Differential coding scheme for efficient parallel image composition on a PC cluster system

doi:10.1016/j.parco.2003.11.001

Parallel Computing

Volume 30, Issue 2, February 2004, Pages 285-299

https://doi.org/10.1016/j.parco.2003.11.001 Get rights and content

Abstract

Although the sort-last parallel rendering is a promising approach to accelerate large-scale computer graphics applications handling huge data sets, parallel image composition is a bottleneck of performance improvement. So far, several image coding schemes have been proposed in order to achieve fast image composition by compressing communicated data. These schemes mainly encode blank pixels in rendered images, which are pixels with no projection of objects. However, sufficient compression was not available in the case that rendered images have few blank pixels. This paper presents an image coding scheme that reduces the communication time in parallel image composition by effective compression of non-blank pixels and load balancing. The coding scheme exploits coherence of differential pixel values with a few additional computations that do not spoil the reduction in communication time. Experiments on a PC cluster with eight processing elements connected by a 100 Mbit Ethernet switching hub show that the worst frame rate of all viewing parameters can greatly be improved by the proposed coding scheme.

Introduction

Computer graphics including volume rendering have been major techniques to visualize and explore vast 3D numerical data [1], [2], [3], [4], [5]. However, its computational expensiveness has been a problem limiting its practical use in handling huge data sets. Parallel processing on a distributed-memory parallel computer is one of the solutions scalable to data size. So far, several parallel rendering algorithms have been proposed to accelerate rendering 3D data [6], [7], [8], [9], [10], [11], [12].

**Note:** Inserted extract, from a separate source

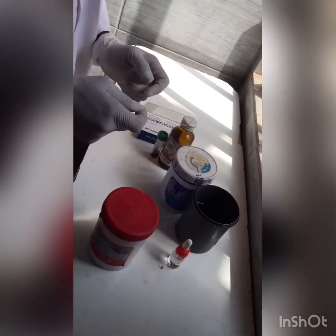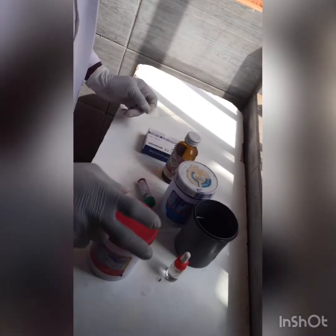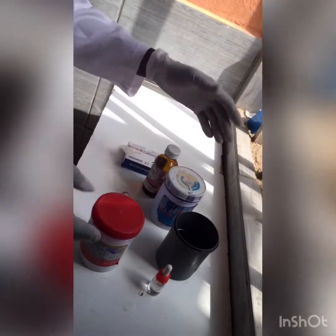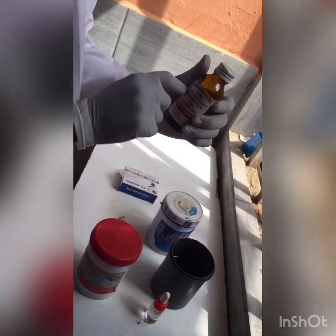For this procedure we'll be needing our glass slide, the blood sample, we'll be needing our Field stain A and B — my own is already in a container — and also we'll be needing clean water, and we'll be needing oil immersion.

A useful taxonomy for parallel rendering algorithms was proposed by Molnar et al. [13], [14]. In a typical rendering process, both geometric processing and successive rasterization processing can be parallelized. Primitives in 3D data are sorted from object-space to image-space at some point, either before the geometric processing, after the geometric processing but before the rasterization processing, or after the rasterization processing. Based on where primitives are sorted, the taxonomy classifies parallel rendering algorithms into three categories; sort-first, sort-middle and sort-last algorithms.

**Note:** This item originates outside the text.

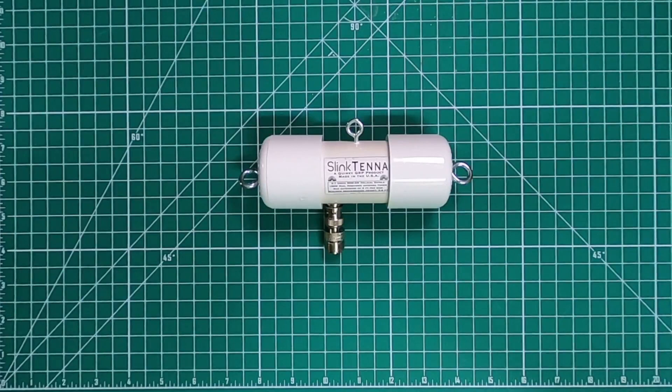This antenna is an 80 to 6 meter dipole, has a 9 to 1 un-un, which is going to require the use of an antenna tuner. It can handle 100 watts max on sideband, 50 watts on CW, and 25 watts digital.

For distributed-memory parallel computers, sort-last algorithms are superior to the others in terms of parallel processing granularity and load balancing. In a sort-last algorithm, a 3D data set is divided into subsets, which are independently rendered in parallel to obtain local images. Then processing elements (PEs) of a parallel computer merge their local images to form the final image by communicating with each other. This merging process is generally referred to as image composition. In parallel rendering, image composition is carried out by using an efficient composition algorithm, e.g. a binary-swap algorithm [9], [10], [11], [12], [15] that is most efficient in terms of PE and network utilization. Since each PE performs both geometry processing and rasterization processing on a subset of 3D data, large granularity of parallel processing is obtained. Moreover, since division of 3D data can be adjusted without respect to sorting that takes place as image composition, geometry and rasterization processing can be well balanced among PEs. These advantages result in high parallel processing efficiency.

However, composition of local images is a bottleneck in sort-last parallel rendering. Although the computational time of the parallel processing part decreases as the number of PEs increases, the composition time cannot be reduced any more because of communication among PEs. This means that the total rendering time cannot be less than the composition time that influences the peak performance of parallel rendering. Image composition restricts a speedup of parallel rendering. Accordingly, the composition time has to be reduced in order to achieve higher rendering performance.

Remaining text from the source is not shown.